As this long summer campaign continues it becomes more and more apparent that 2012 has a lot in common with 2004, at least from an electoral perspective. Like 2004, 2012 is a presidential election year featuring an incumbent wrapping up his first term with middling approval ratings. At a similar point in July 2004, an NBC/Wall St. Journal Poll found President George W. Bush with a 48% approval rating. Eight years later the most recent NBC/Wall St. Journal Poll gives President Obama a 49% approval rating.
In 2004, the nation was experiencing tepid economic growth rates in what was called a 'jobless recovery' from the recession of 2003. Today, economic growth is exceptionally slow following the depression of 2007-09. The unemployment rate when George W. Bush became president was 4.2% and rising. It rose 50% to peak at 6.3% in the summer of 2003 before declining to 5.6% by July 2004. Unemployment when Barack Obama became president stood at 8.3% and rose another 20% to peak at 10% in October 2009 before slowly declining to its current 8.2% level.

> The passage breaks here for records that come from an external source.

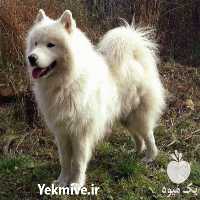 فروش توله ساموید وارداتی با مدارک در کرج در گروه سگ و گربه در یکمیوه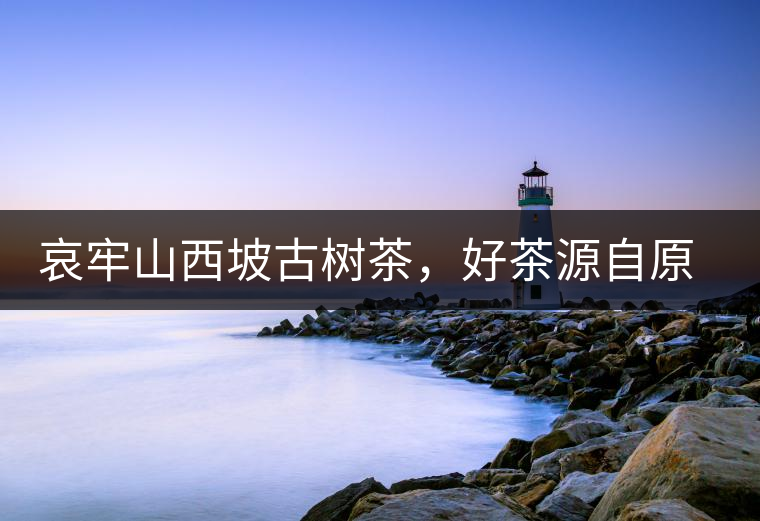 哀牢山西坡古樹(shù)茶，好茶源自原生態(tài)高山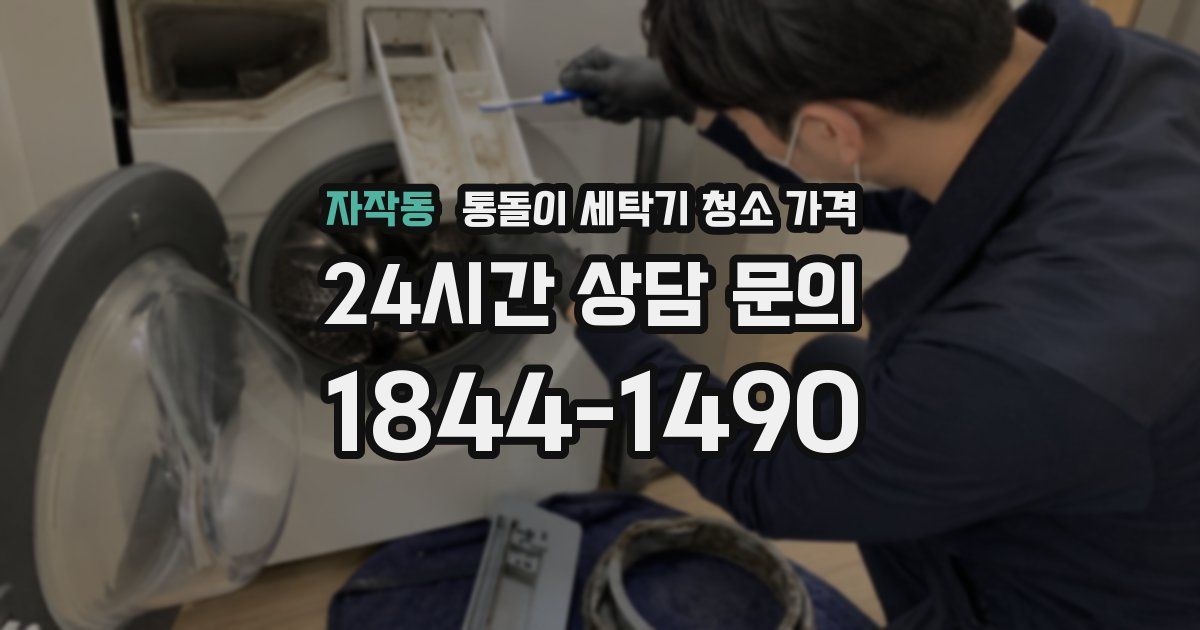 자작동 통돌이 세탁기 청소 가격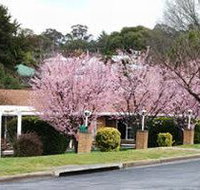 White Lanterns Motel - Accommodation Coffs Harbour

The 2004 Presidential Election featured a likable president, with less than stellar approval ratings, facing off against privileged Vietnam War vet and multi-millionaire, Massachusetts Senator John Kerry. America was in the midst of two wars, one becoming very unpopular and a drag on the incumbent. Senator Kerry's strength was his military experience so the incumbent strategy was to cast doubt upon the senator's fitness to be Commander in Chief. The effort led to the Swift Boat attacks against Senator Kerry shortly before election day as well as attempts to cast doubt on President Bush's service in the Texas National Guard. The continued fear of terrorist attacks made Americans hesitant to change administrations in the midst of two wars.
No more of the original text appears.